In this way, the types of AI costs that we’re monitoring inside our tool lay the groundwork for building a sort of AI cost calculator — one that will allow us to predict with a fair degree of accuracy how much we’ll need to invest to complete various types of queries.
Lessons for Successful AI FinOps Adoption
The project my business has undertaken focuses on a specific niche — legacy platform modernization — but it has broad lessons for any organization committed to streamlining its AI costs.
The biggest, perhaps, is that now is the time to begin implementing FinOps for AI. Don’t wait for the cloud service providers who host models or AI vendors who develop them to build cost reporting tools into their AI solutions because there’s no indication that they will do so anytime soon. The onus is on companies that use these products to track costs themselves.
A second key point of emphasis is the need for granular visibility into AI costs. Again, tracking total AI spending is not very useful because it doesn’t help you drill down into where you’re overspending and find ways to cut costs. Nor can you predict future spending for specific types of queries if you lack granular visibility into your AI spending.
Finally, ensure that AI FinOps capabilities make it possible to compare spending between different configurations. As I mentioned, the quality of a model’s output can vary widely, as can its costs. Having the ability to compare quality and costs at a glance is critical if you want to know which configuration will yield the best bang for your buck, so to speak, for a given type of query.
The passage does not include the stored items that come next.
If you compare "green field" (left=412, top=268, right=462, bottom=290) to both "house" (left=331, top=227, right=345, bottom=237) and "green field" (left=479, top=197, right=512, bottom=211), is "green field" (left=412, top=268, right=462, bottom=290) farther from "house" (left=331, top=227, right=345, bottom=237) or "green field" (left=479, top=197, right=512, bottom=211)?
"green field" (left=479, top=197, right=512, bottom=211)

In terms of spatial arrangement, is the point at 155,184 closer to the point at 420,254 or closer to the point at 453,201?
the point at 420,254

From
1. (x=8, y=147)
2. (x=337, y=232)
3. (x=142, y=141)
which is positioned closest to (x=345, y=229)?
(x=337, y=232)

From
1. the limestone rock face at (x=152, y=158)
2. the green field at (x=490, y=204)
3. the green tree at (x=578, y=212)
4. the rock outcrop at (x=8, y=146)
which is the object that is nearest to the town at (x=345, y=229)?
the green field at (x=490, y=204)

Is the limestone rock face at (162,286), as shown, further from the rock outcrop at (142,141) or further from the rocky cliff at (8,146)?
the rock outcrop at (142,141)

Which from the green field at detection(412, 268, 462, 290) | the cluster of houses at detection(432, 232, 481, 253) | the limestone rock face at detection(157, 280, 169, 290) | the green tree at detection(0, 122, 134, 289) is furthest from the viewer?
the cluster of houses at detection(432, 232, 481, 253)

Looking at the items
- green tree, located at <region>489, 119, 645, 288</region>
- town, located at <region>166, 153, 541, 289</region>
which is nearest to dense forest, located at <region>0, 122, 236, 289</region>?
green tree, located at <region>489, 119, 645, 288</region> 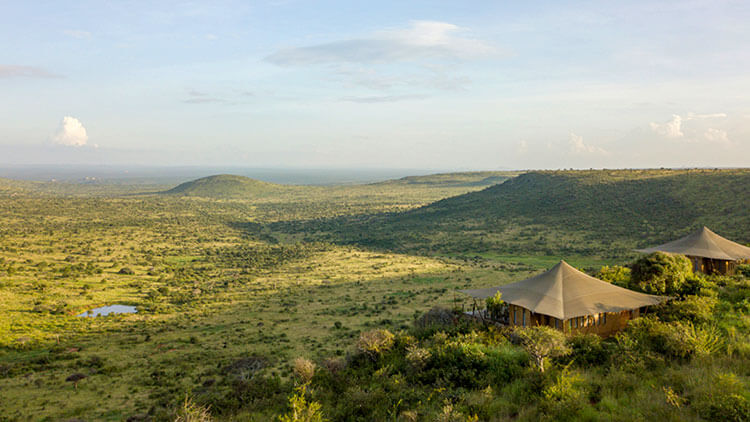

To be sure, it remains early days for enterprise AI adoption in general, and monitoring AI costs may be far from the top of many organizations’ priority lists. But if you don’t build FinOps capabilities into AI investments from day one, you risk undercutting the value that AI delivers due to a failure to keep costs in check. Applying FinOps to AI poses some special challenges, but they’re solvable, and addressing them is absolutely critical for long-term AI success.